● **THE PROBLEM**:
Only the lines from the one with "Sénégal : quand" through the last line of the material below belong in the answer, copied exactly and without pictures.
Top of INFORMATION SHOWN
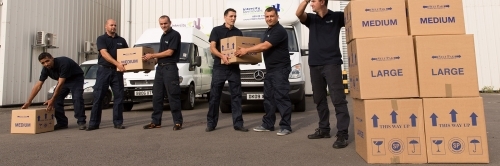 Packing Services Cardiff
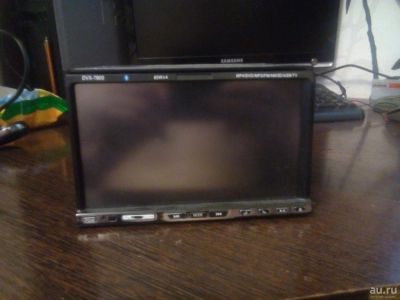 Лот: 9666529. Фото: 1. Монитор китайского SONY DVX 7800... Автомагнитолы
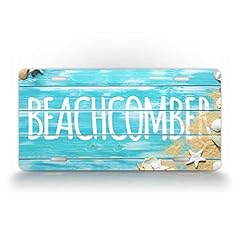 Beachcomber license plate for sale  Delivered anywhere in USA 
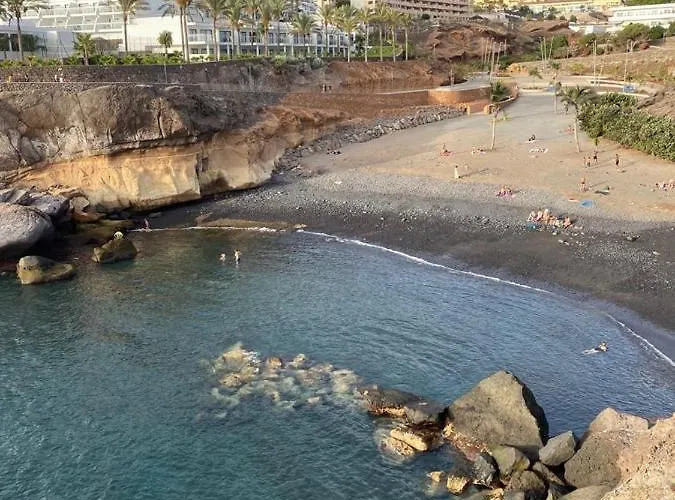 Excellence In Your Holidays ,begin With The Small Details * Playa Paraiso (Tenerife)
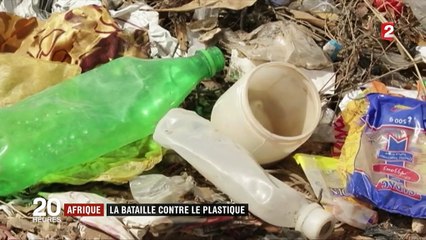 Sénégal : quand les habitants se lancent dans la bataille contre le plastique
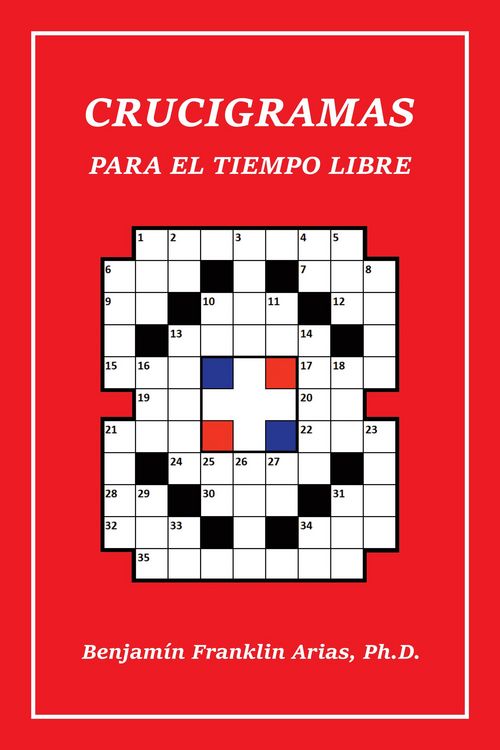 Produktbild: Crucigramas Para El Tiempo Libre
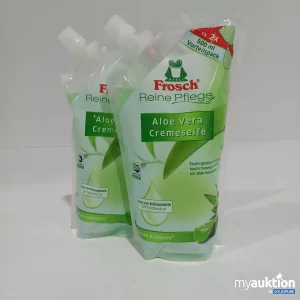 Artikel Nr. 783406: Frosch Aloe Vera Cremeseife 2x500ml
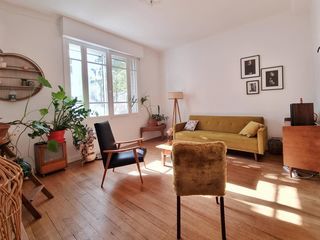  Appartement � vendre 2 pi�ces 58 m�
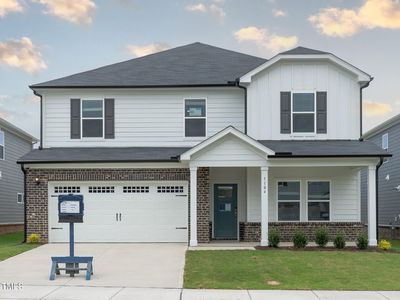 1104 Landen Creek Ln, Zebulon, NC, 27597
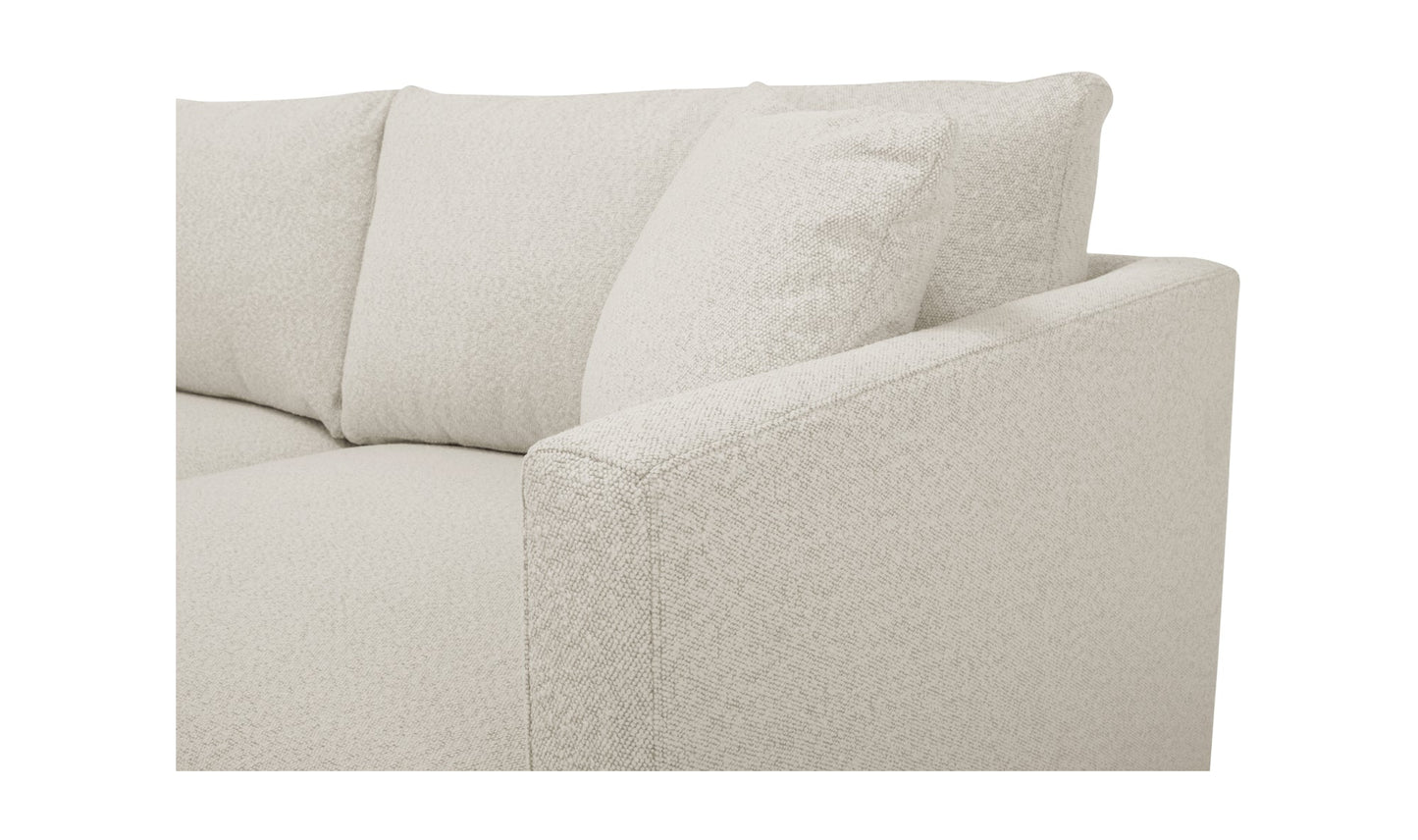 Bryn Sectional Oyster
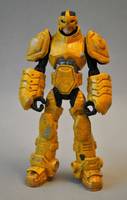 Maverick (Marvel) Custom Action Figure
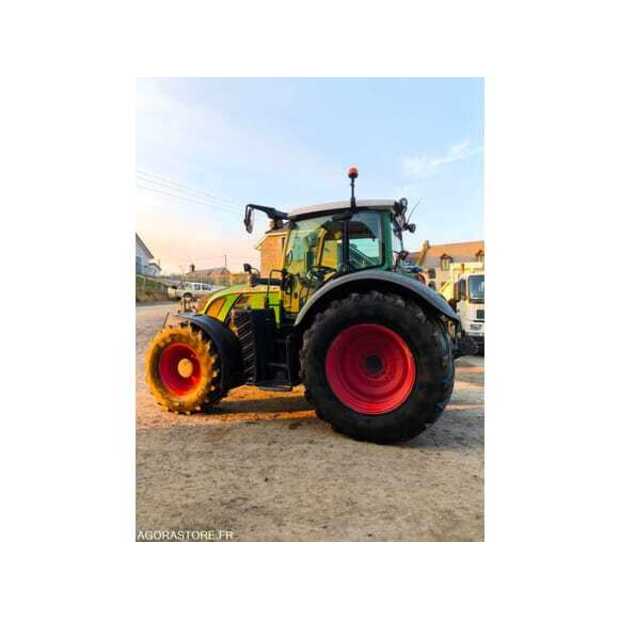 2014 Fendt 714 Vario-48835299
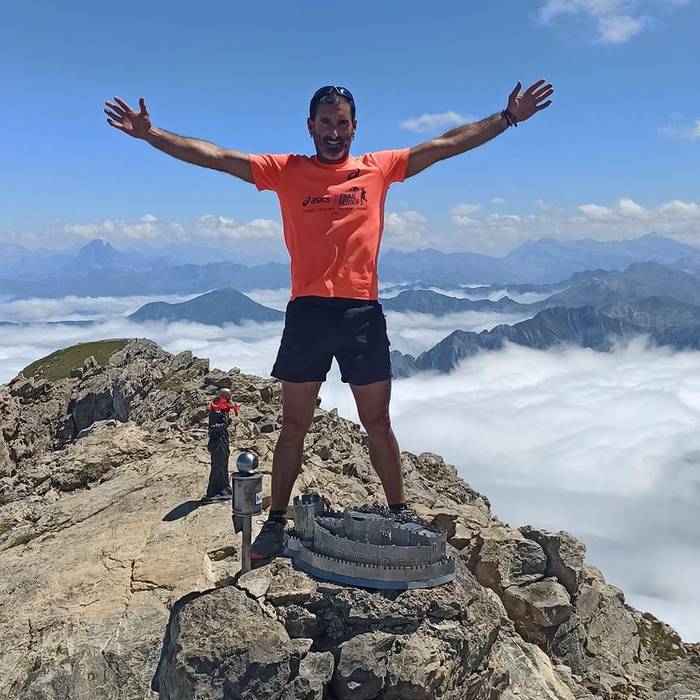 300 lagun batuko dira Borrokalari Eguneko bazkarian, bihar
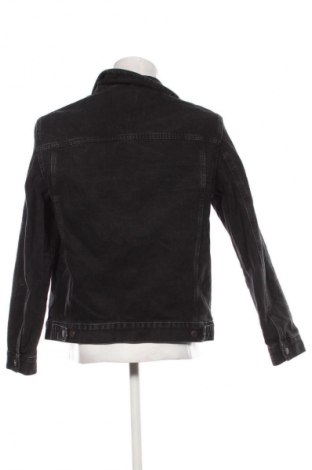 Herrenjacke Bershka, Größe M, Farbe Schwarz, Preis 11,99 €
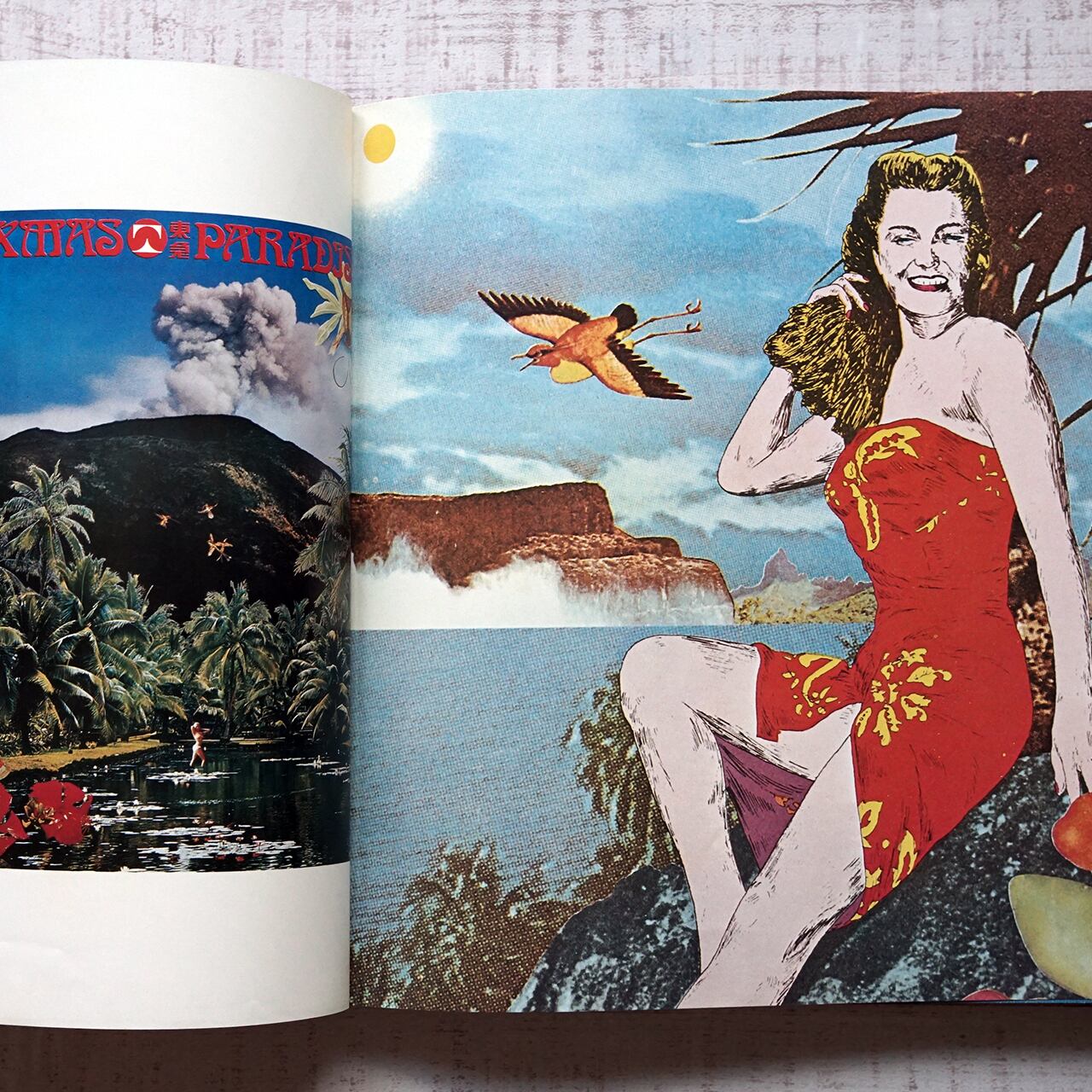 横尾忠則 千年王国への旅 / YEARNING FOR MILLENNIUM | タイムカプセル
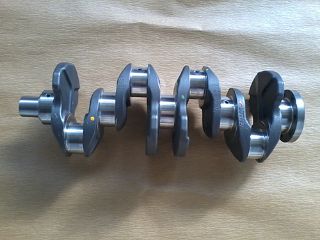KRANK TRAFİC CDI 100 F9Q resmi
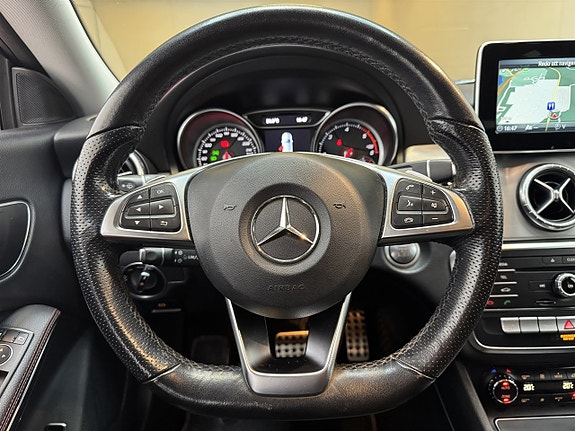 Mercedes-Benz CLA220 d 12 of 19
Bottom of INFORMATION SHOWN
● **REPLY**:
 Sénégal : quand les habitants se lancent dans la bataille contre le plastique
 Produktbild: Crucigramas Para El Tiempo Libre
 Artikel Nr. 783406: Frosch Aloe Vera Cremeseife 2x500ml
  Appartement � vendre 2 pi�ces 58 m�
 1104 Landen Creek Ln, Zebulon, NC, 27597
 Bryn Sectional Oyster
 Maverick (Marvel) Custom Action Figure
 2014 Fendt 714 Vario-48835299
 300 lagun batuko dira Borrokalari Eguneko bazkarian, bihar
 Herrenjacke Bershka, Größe M, Farbe Schwarz, Preis 11,99 €
 横尾忠則 千年王国への旅 / YEARNING FOR MILLENNIUM | タイムカプセル
KRANK TRAFİC CDI 100 F9Q resmi
 Mercedes-Benz CLA220 d 12 of 19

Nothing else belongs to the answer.